To: gracinet, #hg-reviewers
Cc: durin42, kevincox, mercurial-devel
phabricator - Jan. 16, 2020, 10:15 a.m.
kevincox added inline comments.
kevincox accepted this revision.

INLINE COMMENTS

> nodemap.rs:158
>      readonly: Box<dyn Deref<Target = [Block]> + Send>,
> +    growable: Vec<Block>,
> +    root: Block,

This strikes me as a weird name. The fact that it is an adjective rather than a noun is a hint. Can you rename to answer "Growable what?"

> nodemap.rs:249
> +            readonly, self.growable, self.root
> +        )
>      }

I would use https://doc.rust-lang.org/std/fmt/struct.Formatter.html#method.debug_struct for consistency unless you really want to avoid printing the struct name.

REPOSITORY
  rHG Mercurial

CHANGES SINCE LAST ACTION
  https://phab.mercurial-scm.org/D7793/new/

REVISION DETAIL
  https://phab.mercurial-scm.org/D7793

To: gracinet, #hg-reviewers, kevincox
Cc: durin42, kevincox, mercurial-devel
phabricator - Jan. 27, 2020, 3:54 p.m.
gracinet added inline comments.

INLINE COMMENTS

> kevincox wrote in nodemap.rs:158
> This strikes me as a weird name. The fact that it is an adjective rather than a noun is a hint. Can you rename to answer "Growable what?"

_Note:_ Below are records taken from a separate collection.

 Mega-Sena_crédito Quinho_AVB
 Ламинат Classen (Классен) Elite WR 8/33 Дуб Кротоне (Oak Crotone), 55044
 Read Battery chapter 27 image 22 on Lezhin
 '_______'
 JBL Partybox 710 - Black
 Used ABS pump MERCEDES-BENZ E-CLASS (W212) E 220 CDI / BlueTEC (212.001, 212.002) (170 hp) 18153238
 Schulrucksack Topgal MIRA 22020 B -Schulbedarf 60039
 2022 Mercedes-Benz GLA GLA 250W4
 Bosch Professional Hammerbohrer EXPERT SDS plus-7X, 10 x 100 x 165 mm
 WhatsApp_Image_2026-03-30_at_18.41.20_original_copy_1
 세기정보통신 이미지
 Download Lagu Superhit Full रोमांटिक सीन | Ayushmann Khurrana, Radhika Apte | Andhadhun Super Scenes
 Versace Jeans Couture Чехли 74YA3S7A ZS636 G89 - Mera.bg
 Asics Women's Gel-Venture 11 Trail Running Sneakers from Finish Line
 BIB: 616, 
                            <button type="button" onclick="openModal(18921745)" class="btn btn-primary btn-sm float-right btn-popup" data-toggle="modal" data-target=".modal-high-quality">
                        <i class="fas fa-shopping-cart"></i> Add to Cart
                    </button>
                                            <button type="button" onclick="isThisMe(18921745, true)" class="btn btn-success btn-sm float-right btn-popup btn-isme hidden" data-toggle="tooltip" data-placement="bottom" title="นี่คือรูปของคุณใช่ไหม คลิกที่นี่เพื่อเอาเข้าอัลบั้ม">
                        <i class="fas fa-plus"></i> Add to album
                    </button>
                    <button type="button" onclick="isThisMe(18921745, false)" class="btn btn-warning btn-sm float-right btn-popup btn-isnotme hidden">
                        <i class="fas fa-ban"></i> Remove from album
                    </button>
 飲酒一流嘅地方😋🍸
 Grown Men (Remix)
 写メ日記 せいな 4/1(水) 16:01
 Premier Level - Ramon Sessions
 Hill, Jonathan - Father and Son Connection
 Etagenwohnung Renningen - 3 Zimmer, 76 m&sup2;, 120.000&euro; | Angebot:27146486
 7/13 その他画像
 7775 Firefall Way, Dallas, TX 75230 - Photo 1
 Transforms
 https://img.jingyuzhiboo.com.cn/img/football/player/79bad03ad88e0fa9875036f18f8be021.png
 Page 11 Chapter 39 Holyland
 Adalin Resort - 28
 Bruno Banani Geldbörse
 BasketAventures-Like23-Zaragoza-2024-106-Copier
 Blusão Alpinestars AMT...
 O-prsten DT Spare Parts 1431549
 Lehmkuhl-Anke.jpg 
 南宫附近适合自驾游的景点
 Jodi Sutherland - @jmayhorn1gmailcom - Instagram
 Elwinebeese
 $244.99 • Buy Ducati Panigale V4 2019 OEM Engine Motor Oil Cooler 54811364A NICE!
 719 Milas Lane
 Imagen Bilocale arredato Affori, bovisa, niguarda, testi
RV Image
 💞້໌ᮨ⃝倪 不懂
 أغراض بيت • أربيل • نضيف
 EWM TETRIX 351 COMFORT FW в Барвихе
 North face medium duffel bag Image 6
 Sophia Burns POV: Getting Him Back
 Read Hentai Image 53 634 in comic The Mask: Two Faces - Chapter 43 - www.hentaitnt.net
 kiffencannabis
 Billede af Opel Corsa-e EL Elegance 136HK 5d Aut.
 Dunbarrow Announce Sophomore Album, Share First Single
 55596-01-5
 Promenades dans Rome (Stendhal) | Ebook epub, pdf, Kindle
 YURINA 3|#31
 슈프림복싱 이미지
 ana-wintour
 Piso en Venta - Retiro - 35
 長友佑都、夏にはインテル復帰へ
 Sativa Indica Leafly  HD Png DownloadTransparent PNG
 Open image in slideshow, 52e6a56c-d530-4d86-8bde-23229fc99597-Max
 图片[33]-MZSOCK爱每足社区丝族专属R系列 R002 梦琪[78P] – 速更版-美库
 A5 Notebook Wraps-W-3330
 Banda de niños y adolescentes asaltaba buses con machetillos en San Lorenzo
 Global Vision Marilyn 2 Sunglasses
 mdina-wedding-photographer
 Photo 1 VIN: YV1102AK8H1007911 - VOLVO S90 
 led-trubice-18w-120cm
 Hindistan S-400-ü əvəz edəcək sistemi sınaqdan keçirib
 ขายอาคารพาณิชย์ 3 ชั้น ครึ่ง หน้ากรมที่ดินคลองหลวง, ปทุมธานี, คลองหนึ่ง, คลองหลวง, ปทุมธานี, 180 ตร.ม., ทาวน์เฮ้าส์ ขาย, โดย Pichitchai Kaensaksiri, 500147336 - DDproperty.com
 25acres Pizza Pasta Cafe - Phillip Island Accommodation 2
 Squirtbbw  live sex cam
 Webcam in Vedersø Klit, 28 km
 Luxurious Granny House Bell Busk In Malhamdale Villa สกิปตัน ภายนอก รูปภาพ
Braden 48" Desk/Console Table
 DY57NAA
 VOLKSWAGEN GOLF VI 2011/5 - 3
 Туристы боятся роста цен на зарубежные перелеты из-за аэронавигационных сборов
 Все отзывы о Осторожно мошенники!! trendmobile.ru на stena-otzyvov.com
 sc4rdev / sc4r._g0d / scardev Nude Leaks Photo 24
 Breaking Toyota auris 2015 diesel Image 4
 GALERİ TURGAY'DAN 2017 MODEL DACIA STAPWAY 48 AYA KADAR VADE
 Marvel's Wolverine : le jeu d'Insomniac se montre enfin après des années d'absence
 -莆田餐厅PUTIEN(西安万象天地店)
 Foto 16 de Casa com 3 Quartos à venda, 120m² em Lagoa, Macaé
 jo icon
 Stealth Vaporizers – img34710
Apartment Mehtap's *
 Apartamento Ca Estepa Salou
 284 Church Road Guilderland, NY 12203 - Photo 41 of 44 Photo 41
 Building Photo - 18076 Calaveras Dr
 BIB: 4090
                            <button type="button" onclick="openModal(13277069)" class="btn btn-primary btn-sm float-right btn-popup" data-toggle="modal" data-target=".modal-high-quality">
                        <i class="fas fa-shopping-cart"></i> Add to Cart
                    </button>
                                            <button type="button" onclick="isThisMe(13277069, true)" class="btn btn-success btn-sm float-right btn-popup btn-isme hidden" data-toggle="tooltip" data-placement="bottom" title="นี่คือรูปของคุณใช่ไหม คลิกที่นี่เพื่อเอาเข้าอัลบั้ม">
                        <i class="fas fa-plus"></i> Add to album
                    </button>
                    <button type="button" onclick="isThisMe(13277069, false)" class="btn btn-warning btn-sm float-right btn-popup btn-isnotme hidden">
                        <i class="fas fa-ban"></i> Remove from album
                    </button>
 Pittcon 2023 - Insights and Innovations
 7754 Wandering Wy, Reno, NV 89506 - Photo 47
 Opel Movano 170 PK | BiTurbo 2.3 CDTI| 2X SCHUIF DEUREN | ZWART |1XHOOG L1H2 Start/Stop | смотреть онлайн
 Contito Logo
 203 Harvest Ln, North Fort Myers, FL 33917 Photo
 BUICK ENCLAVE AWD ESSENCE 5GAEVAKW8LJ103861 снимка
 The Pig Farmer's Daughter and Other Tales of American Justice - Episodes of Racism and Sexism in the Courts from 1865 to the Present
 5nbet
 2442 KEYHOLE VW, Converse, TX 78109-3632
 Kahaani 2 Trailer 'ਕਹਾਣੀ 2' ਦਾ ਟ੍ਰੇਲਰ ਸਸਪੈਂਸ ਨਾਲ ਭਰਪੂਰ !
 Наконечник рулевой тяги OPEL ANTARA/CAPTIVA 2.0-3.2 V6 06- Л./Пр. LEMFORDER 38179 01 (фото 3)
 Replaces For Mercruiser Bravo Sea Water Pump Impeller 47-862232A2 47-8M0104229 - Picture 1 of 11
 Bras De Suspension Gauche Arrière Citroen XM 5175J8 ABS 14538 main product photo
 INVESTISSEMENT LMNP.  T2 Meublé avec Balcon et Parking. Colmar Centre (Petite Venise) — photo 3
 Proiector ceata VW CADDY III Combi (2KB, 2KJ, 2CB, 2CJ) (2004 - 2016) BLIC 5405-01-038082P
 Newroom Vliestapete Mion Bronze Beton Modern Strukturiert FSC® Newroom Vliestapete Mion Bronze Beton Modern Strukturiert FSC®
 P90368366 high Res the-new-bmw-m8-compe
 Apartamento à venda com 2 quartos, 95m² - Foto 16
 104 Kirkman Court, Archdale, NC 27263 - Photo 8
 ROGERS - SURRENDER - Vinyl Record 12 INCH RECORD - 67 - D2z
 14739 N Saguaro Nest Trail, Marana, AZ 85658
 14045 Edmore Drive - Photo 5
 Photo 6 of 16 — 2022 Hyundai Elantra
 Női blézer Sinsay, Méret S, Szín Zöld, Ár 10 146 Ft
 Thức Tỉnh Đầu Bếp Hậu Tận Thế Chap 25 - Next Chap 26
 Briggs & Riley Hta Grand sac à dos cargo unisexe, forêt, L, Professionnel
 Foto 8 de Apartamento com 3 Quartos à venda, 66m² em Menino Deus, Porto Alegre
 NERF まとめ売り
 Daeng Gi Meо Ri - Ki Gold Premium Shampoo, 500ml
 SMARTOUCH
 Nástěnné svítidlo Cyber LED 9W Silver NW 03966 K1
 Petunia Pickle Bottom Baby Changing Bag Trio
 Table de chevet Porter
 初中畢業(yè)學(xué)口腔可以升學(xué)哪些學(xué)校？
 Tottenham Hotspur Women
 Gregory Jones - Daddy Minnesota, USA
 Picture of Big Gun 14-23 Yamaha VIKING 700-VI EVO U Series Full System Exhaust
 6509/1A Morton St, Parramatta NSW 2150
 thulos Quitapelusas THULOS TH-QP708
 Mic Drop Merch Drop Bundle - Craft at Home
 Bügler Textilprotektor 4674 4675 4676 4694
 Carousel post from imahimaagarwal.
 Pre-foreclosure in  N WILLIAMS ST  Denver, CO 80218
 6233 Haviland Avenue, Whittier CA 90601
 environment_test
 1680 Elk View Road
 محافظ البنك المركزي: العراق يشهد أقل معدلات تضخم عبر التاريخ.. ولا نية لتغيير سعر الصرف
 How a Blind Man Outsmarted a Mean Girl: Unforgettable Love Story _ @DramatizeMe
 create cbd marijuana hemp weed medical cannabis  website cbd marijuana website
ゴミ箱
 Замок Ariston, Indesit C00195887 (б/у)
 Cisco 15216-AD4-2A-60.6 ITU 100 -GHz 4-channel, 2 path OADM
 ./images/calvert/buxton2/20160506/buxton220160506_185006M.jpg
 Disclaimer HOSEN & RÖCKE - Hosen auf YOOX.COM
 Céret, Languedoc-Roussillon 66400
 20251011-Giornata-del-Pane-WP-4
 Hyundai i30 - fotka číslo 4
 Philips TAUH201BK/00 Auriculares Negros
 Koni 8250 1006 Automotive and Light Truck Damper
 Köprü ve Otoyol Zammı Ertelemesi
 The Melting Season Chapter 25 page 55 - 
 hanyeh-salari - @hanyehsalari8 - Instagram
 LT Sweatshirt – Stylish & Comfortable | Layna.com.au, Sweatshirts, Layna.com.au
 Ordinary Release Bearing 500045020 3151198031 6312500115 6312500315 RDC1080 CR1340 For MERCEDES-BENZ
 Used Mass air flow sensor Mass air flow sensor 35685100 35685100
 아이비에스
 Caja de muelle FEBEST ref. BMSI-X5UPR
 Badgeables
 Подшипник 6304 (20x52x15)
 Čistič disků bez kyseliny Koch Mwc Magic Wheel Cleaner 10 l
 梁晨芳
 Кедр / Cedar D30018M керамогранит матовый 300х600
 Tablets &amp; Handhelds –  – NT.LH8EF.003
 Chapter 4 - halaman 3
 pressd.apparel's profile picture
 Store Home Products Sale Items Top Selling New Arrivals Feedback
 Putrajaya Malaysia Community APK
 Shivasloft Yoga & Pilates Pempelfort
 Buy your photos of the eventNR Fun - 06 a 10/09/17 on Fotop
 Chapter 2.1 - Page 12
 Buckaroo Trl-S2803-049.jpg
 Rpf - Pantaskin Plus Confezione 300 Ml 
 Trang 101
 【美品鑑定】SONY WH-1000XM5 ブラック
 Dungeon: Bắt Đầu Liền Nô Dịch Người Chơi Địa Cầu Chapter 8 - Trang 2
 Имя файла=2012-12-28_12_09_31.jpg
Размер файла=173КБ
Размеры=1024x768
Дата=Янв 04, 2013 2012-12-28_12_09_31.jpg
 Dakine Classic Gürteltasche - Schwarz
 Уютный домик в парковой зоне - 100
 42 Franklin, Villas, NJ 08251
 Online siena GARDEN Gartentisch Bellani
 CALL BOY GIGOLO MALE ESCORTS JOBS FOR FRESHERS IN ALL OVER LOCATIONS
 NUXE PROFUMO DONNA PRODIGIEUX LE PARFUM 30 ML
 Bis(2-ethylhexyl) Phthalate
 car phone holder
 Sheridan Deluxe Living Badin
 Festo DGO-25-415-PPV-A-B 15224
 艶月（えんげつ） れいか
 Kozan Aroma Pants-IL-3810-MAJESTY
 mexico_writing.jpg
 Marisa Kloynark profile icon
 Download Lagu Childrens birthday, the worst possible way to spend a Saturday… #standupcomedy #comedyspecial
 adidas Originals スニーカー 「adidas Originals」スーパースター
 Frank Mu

In a previous version, I was calling it `mutable` (also an adjective, btw), but that became just wrong with the introduction of the separate root block. I don't have many ideas:

- `added_inner_blocks` ? actually, these are added on top of the readonly part and often mask some of the readonly blocks
- `added_non_root_blocks` ? Eww
- `mutable_inner_blocks` ?

I'm no native speaker, but the adjective thing doesn't deter me, I would expect it to be rather clear that it refers to blocks, given the type.
Open to suggestions, leaving as is for the time being

> kevincox wrote in nodemap.rs:249
> I would use https://doc.rust-lang.org/std/fmt/struct.Formatter.html#method.debug_struct for consistency unless you really want to avoid printing the struct name.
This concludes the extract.